ACTION ITEM → Exact copy, no pictures: repeat the data that follows.

━━ INPUT DATA ━━

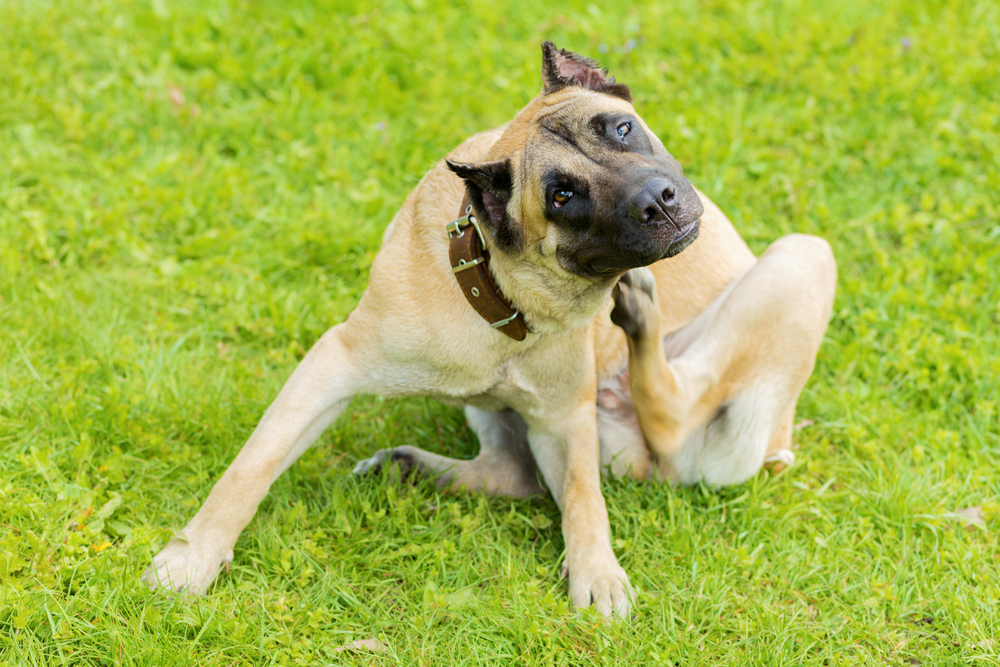 Dog scratching due to itchy or irritated skin, a common sign of skin allergies and other dermatological conditions.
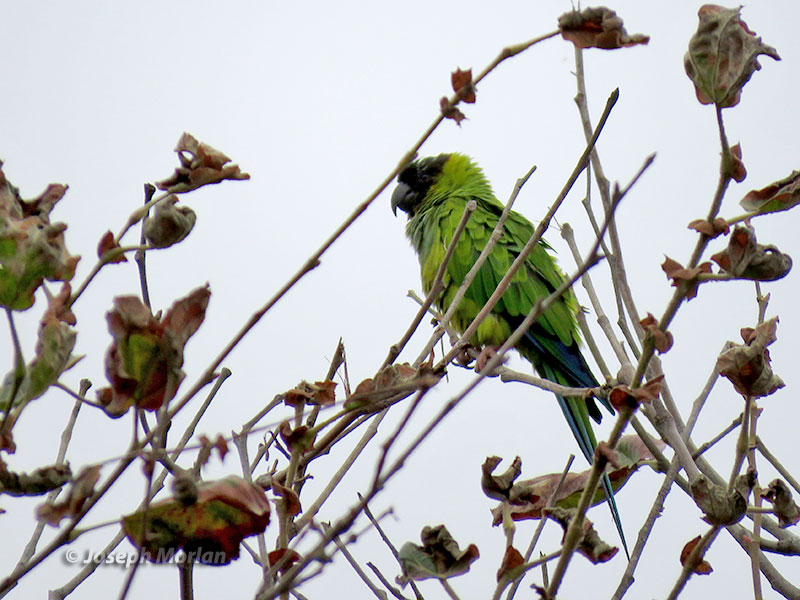 Nanday Parakeet (Aratinga nenday) 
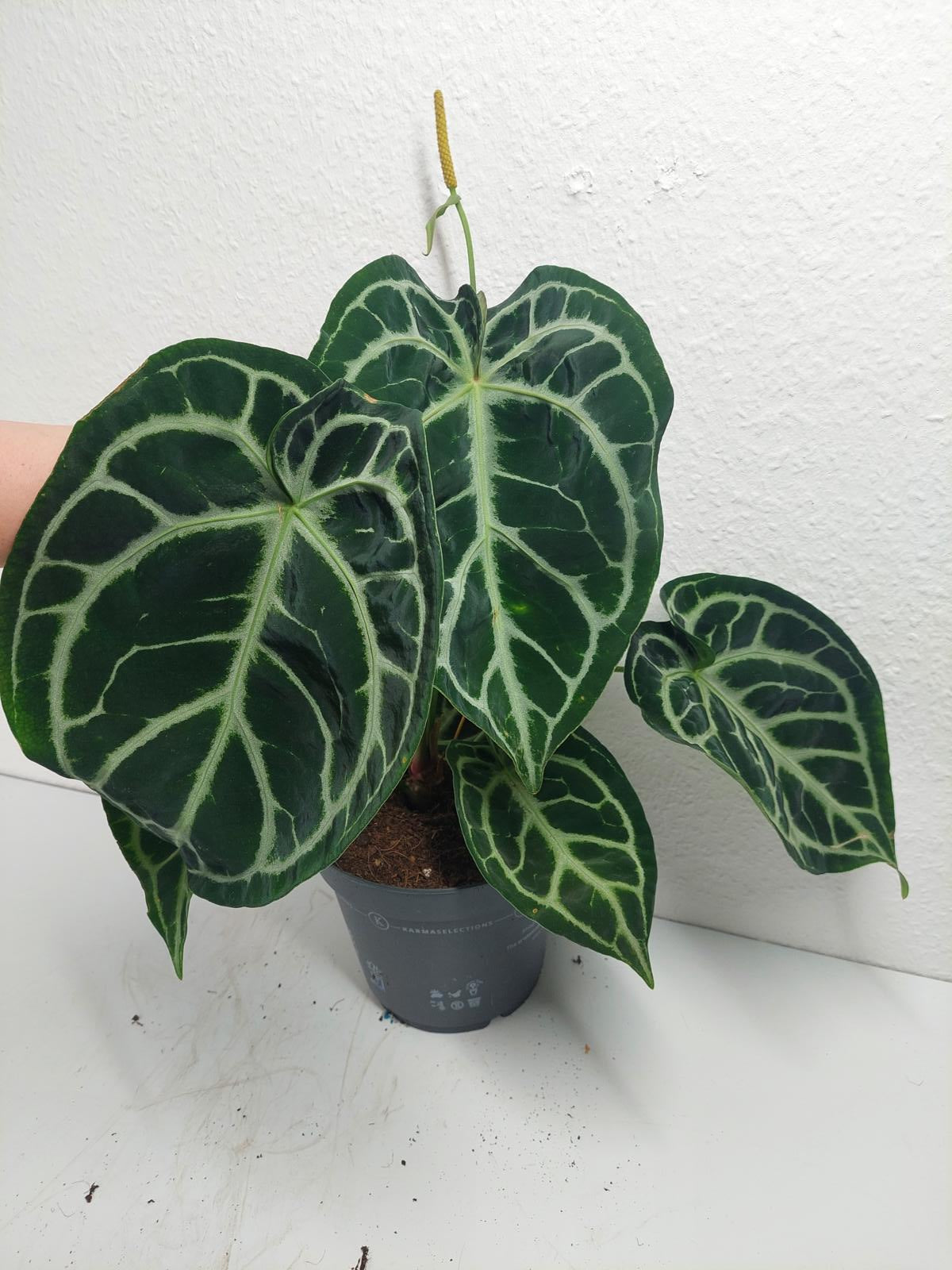 Anthurium Crystallinum Karma Crystal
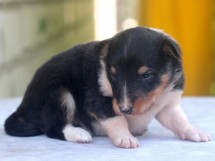 puppies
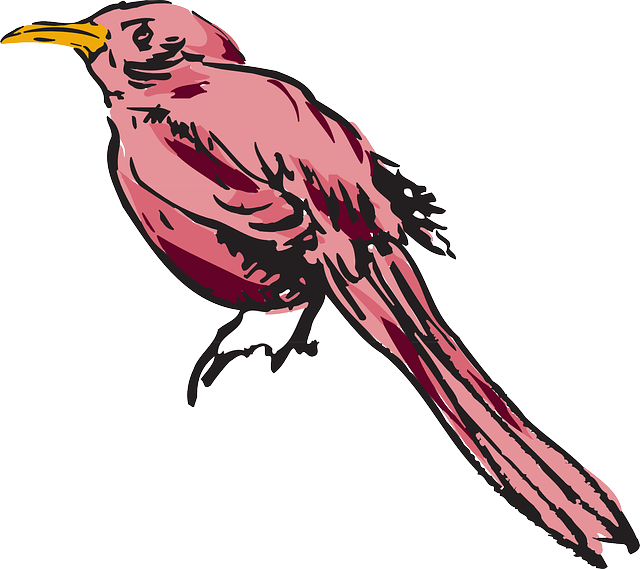 Feathers Drawing, Pink, Bird, Wings, Art, Animal, Feathers - Drawing (640x569)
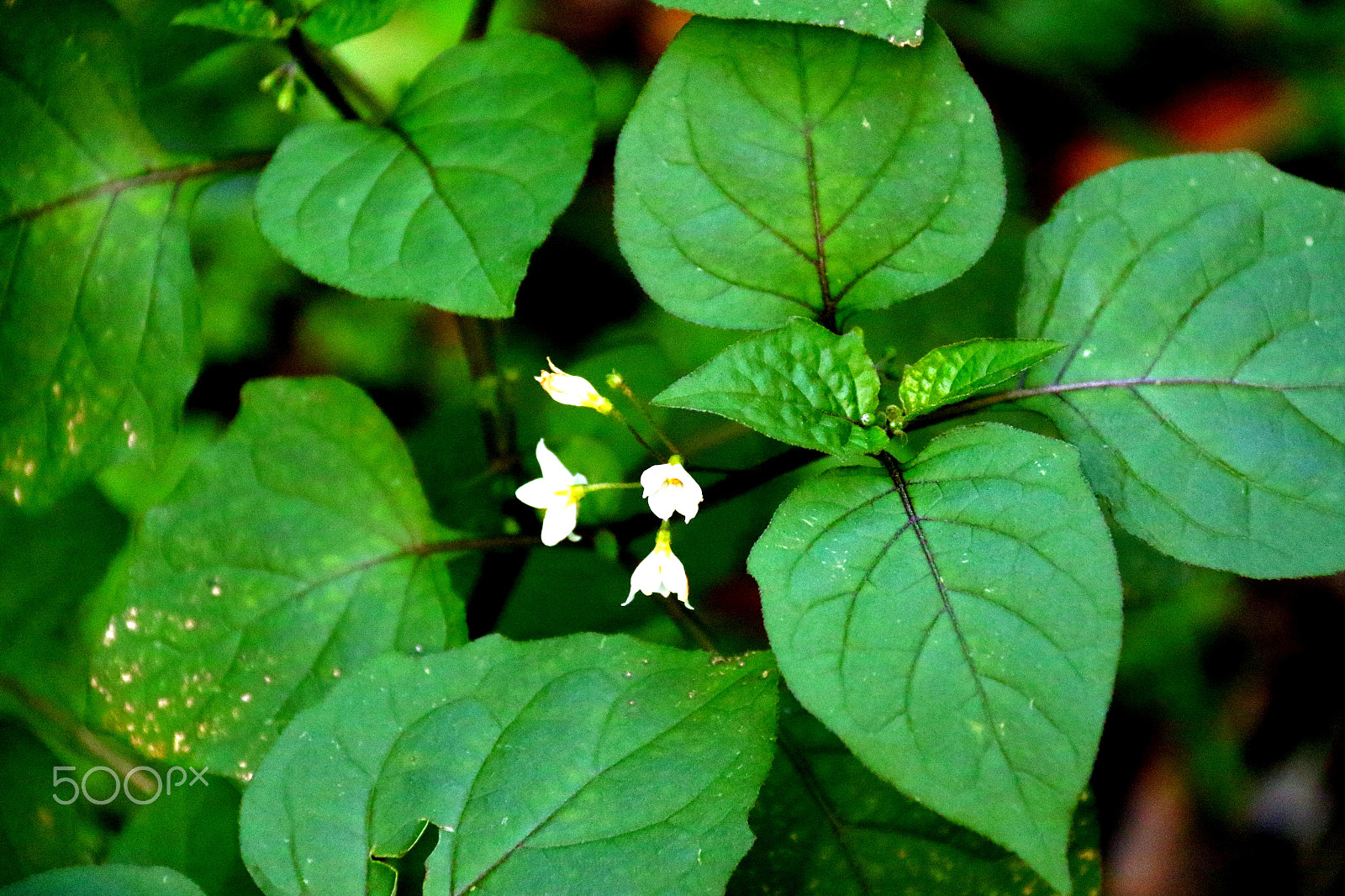 Canon EF-S 18-200mm F3.5-5.6 IS sample photo. Whites and green photography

━━━

RESULT →
 Dog scratching due to itchy or irritated skin, a common sign of skin allergies and other dermatological conditions.
 Nanday Parakeet (Aratinga nenday) 
 Anthurium Crystallinum Karma Crystal
 puppies
 Feathers Drawing, Pink, Bird, Wings, Art, Animal, Feathers - Drawing (640x569)
 Canon EF-S 18-200mm F3.5-5.6 IS sample photo. Whites and green photography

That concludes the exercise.